WHAT YOU SHOULD DO »
Make an exact transcription of the data below.

Dataset records:
######

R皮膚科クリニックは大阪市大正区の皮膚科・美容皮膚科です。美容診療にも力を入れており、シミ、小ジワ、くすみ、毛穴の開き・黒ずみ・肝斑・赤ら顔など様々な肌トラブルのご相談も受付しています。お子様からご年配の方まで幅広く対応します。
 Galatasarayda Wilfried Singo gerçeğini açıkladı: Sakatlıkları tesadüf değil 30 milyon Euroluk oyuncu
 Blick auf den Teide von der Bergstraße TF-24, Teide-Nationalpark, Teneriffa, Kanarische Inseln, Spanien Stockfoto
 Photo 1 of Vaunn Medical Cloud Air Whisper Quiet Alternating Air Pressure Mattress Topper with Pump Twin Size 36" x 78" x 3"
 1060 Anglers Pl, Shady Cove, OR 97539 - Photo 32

######

TASK SOLUTION »
R皮膚科クリニックは大阪市大正区の皮膚科・美容皮膚科です。美容診療にも力を入れており、シミ、小ジワ、くすみ、毛穴の開き・黒ずみ・肝斑・赤ら顔など様々な肌トラブルのご相談も受付しています。お子様からご年配の方まで幅広く対応します。
 Galatasarayda Wilfried Singo gerçeğini açıkladı: Sakatlıkları tesadüf değil 30 milyon Euroluk oyuncu
 Blick auf den Teide von der Bergstraße TF-24, Teide-Nationalpark, Teneriffa, Kanarische Inseln, Spanien Stockfoto
 Photo 1 of Vaunn Medical Cloud Air Whisper Quiet Alternating Air Pressure Mattress Topper with Pump Twin Size 36" x 78" x 3"
 1060 Anglers Pl, Shady Cove, OR 97539 - Photo 32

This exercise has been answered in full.